_Your task_
For this exercise, an exact copy is needed of only the lines from the one containing "Armazém para Venda" through the end of the data, with pictures left out.

_Data_
##########
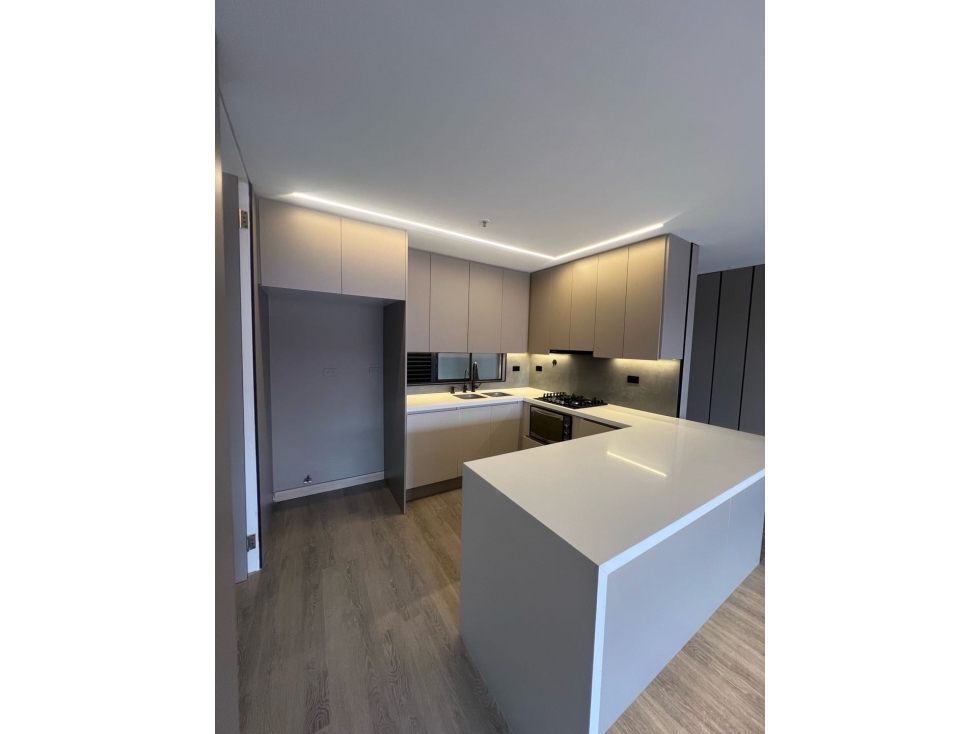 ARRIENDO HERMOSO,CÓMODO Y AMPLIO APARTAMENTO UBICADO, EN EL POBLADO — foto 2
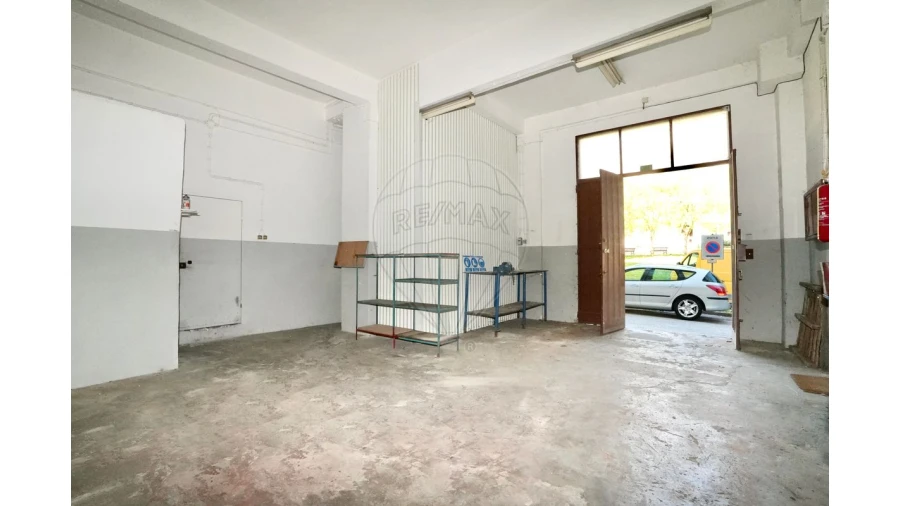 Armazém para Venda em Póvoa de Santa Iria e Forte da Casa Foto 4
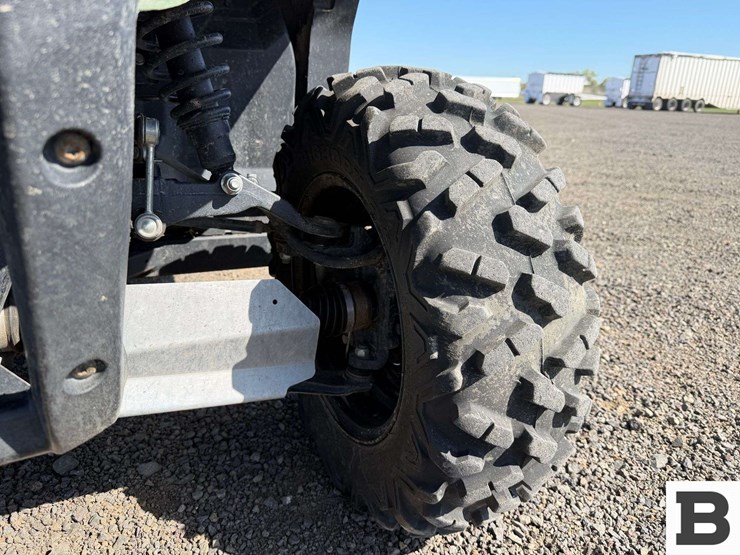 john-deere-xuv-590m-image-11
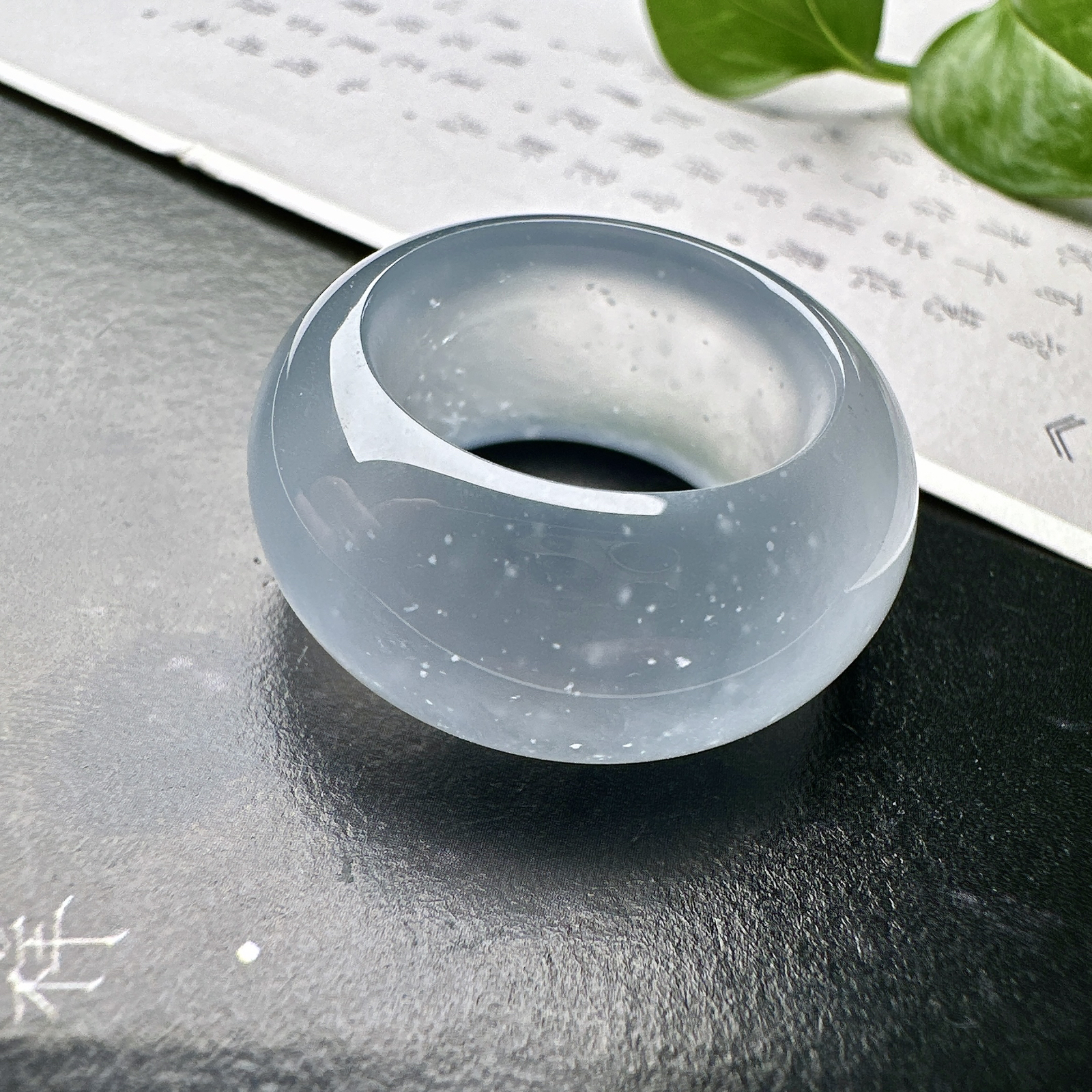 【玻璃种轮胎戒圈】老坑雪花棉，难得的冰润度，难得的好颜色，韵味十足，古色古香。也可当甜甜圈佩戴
##########
_Task output_
 Armazém para Venda em Póvoa de Santa Iria e Forte da Casa Foto 4
 john-deere-xuv-590m-image-11
 【玻璃种轮胎戒圈】老坑雪花棉，难得的冰润度，难得的好颜色，韵味十足，古色古香。也可当甜甜圈佩戴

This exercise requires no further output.